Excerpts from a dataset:
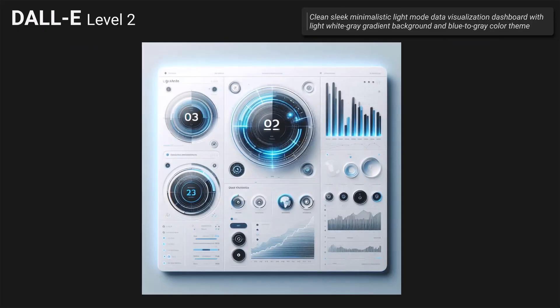Let's look at level 2. This is a bit more descriptive prompt — the background should be a light white-gray gradient and the color theme should be blue to gray for the data. This is the result of DALL-E. It kind of looks like a dashboard. The white-gray gradient background is okay. The data colors are more blue to dark gray or even black. Aesthetically it's not bad — I like the neon blue and dark gray and white — but the visuals are not clear and the shapes are not completely formed. It's not doable in Power BI in this form.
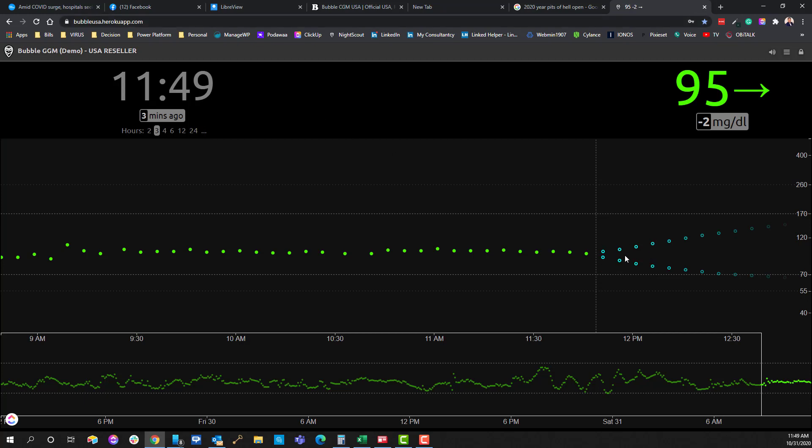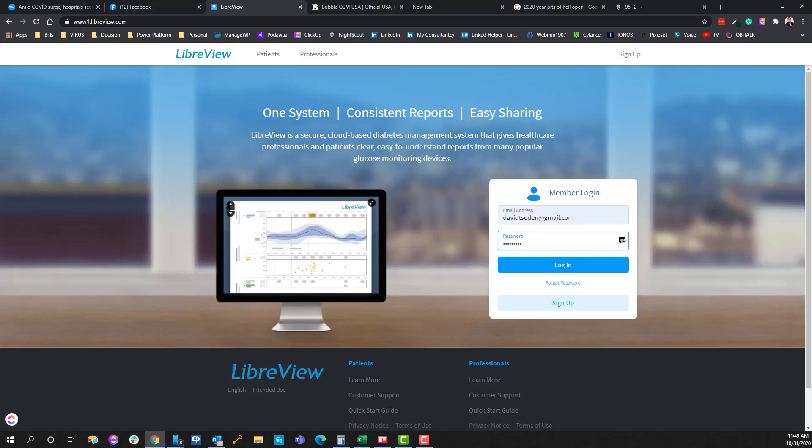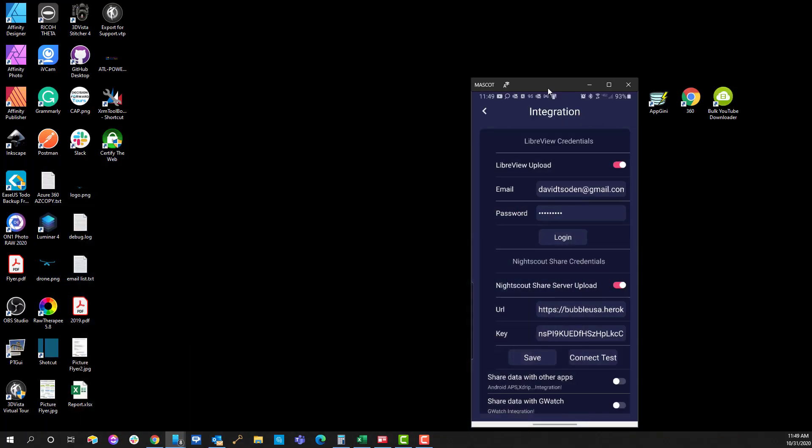If you're not sure what that is, give us a call. We'll be more than happy to consult with you and you can hire us to set it up for you. Now back to what we want to show here which is the LibreView.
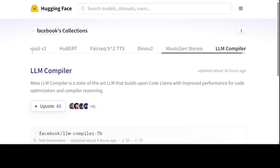Hello guys, I am very excited to share with you this brand new family of models: LLM Compiler from Meta. This model is not your ordinary run-of-the-mill large language model or even coding model. LLM Compiler, in short, is a model targeted at code and compiler optimization tasks. It is built on top of Meta's state-of-the-art language model, Code Llama.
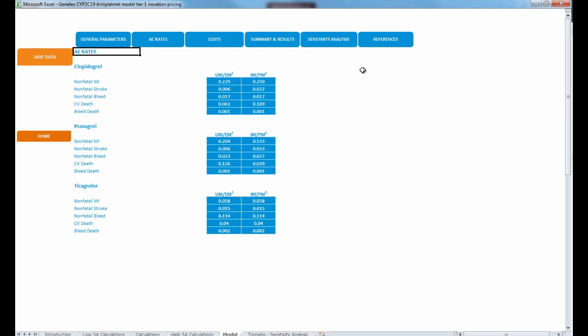The next tab details adverse event rates. It details the probability of each outcome for each of the different medications — clopidogrel, prasugrel, and ticagrelor. This information was identified from previous trials that compared the different antiplatelet regimens. This is not information you'll likely be changing when using this tool.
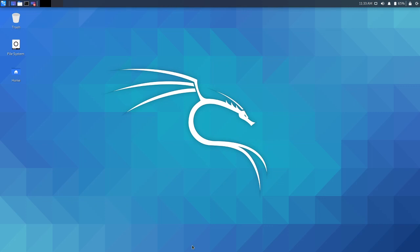Hello guys, this is Abjitam and today we are going to look at Intro 9 of DefendTheWeb.net. So let's get started.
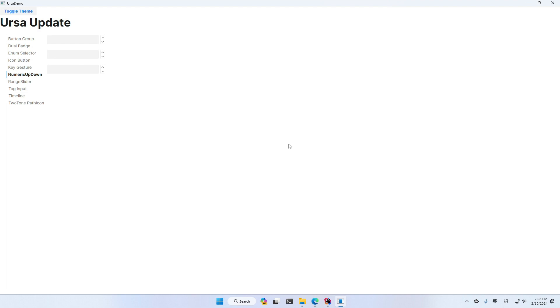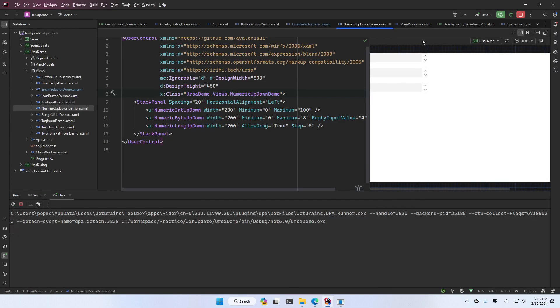Although you can control this behavior by assigning the range and the step, but you still need to make some conversion to a data model. In Ursa, we build a numeric up down for every primitive numeric type. As you can see, we are not using numeric up down. We are actually using numeric int up down or byte up down or long up down, etc. We have one for every primitive numeric type.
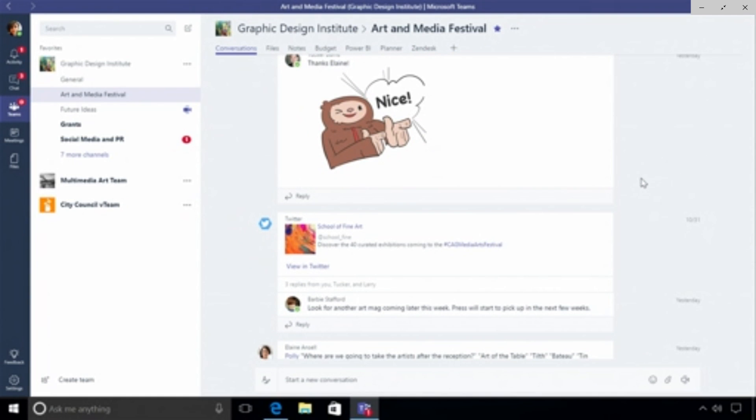I can also pipe in third-party experiences and connectors into my channel. Here I have a Twitter connector wired up and basically whenever there's an update to the School of Fine Art where they're tweeting about something related to our festival, it pushes a message into the conversation stream, and because we have threads we can have a conversation around this object.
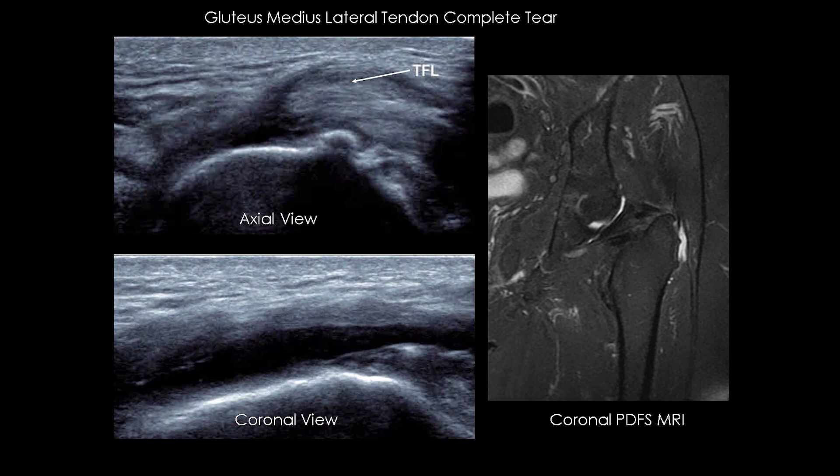Example of complete rupture of the lateral lamina of the gluteus medius. No visibility of the lateral lamina of the gluteus medius, replaced by a fluid effusion in continuity with the superficial trochanteric bursa. The corresponding coronal PD-FS MRI scan confirms the complete distal tendon rupture.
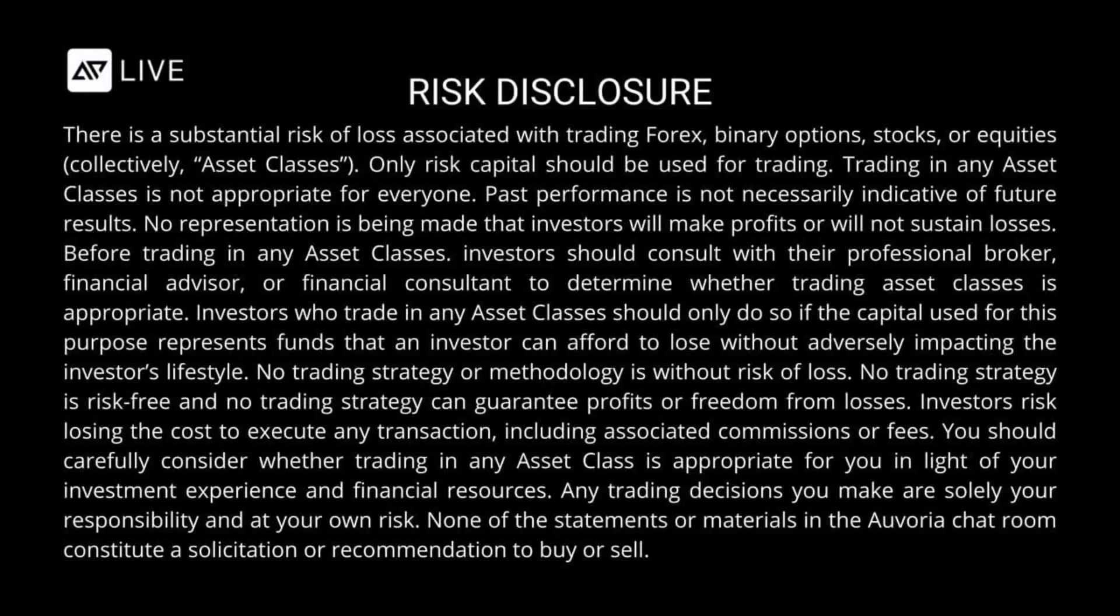No trading strategy or methodology is without risk of loss. No trading strategy is risk-free and no trading strategy can guarantee profits or freedom from losses. Investors risk losing the cost to execute any transaction, including associated commissions or fees. You should carefully consider whether trading in any asset class is appropriate for you in light of your investment experience and financial resources. Any trading decisions you make are solely your responsibility and at your own risk. None of the statements or materials in the Auvoria Prime chat rooms constitute a solicitation or recommendation to buy or sell.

## WHAT THE TASK REQUIRES:
What is needed is an exact copy of the lines from the start of the records through the line containing "If you're not", with no pictures.

## TASK RESPONSE:
Let's look at level 2. This is a bit more descriptive prompt — the background should be a light white-gray gradient and the color theme should be blue to gray for the data. This is the result of DALL-E. It kind of looks like a dashboard. The white-gray gradient background is okay. The data colors are more blue to dark gray or even black. Aesthetically it's not bad — I like the neon blue and dark gray and white — but the visuals are not clear and the shapes are not completely formed. It's not doable in Power BI in this form.
If you're not sure what that is, give us a call. We'll be more than happy to consult with you and you can hire us to set it up for you. Now back to what we want to show here which is the LibreView.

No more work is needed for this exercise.